Des peines allant de dix mois avec sursis à quatre ans de prison ferme pour les « rats d’hôtel ». Les magistrats de la 14e chambre du tribunal correctionnel de Paris ont rendu cet après-midi leur jugement dans le procès des détrousseurs d’hôtels de luxe à Paris et dans le sud de la France. Si les sept prévenus ont bénéficié d’une relaxe concernant l’accusation d’association de malfaiteurs, ils ont en revanche tous été déclarés coupables de vols en réunions ou de complicité.
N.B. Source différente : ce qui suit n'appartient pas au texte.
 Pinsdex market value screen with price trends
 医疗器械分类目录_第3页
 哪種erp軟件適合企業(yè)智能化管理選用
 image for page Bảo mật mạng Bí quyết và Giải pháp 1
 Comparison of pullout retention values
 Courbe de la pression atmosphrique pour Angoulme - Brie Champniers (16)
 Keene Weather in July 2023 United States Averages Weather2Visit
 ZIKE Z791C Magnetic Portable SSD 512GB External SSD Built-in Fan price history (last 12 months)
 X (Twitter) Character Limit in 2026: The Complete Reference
Plusieurs vols dans le VIIIe arrondissement
Belkheir Z., soupçonné d’être le cerveau des cambriolages, a écopé de la peine la plus lourde du dossier : 4 ans d’emprisonnement ferme avec maintien en détention assortis d’une peine d’amende de 10 000 euros.
Tous ses complices ont été condamnés à de la prison ferme, à effectuer parfois sous bracelet électronique, à l’exception de deux d’entre eux, condamnés à des peines de prison avec sursis.
La justice leur reprochait à tous tout ou partie d’une série de vols survenus dans des hôtels à Paris, notamment dans le VIIIe arrondissement, et sur la Côte d’Azur, entre août 2024 et février 2025. Une vingtaine de vols étaient visés par la procédure. Leur butin ? Des objets (montres, sacs, etc.) de marques de luxe essentiellement. Certains des prévenus avaient été filmés et identifié grâce à la vidéosurveillance, en train de rentrer ou de tenter de rentrer dans des chambres des hôtels concernés. Cela ne les a pas empêchés de nier toute implication dans les vols. « On entre pour voler, mais on n’a rien touché » a par exemple lâché l’un d’eux à l’audience, reconnaissant sa présence, et sa présence seulement, sur les lieux des vols.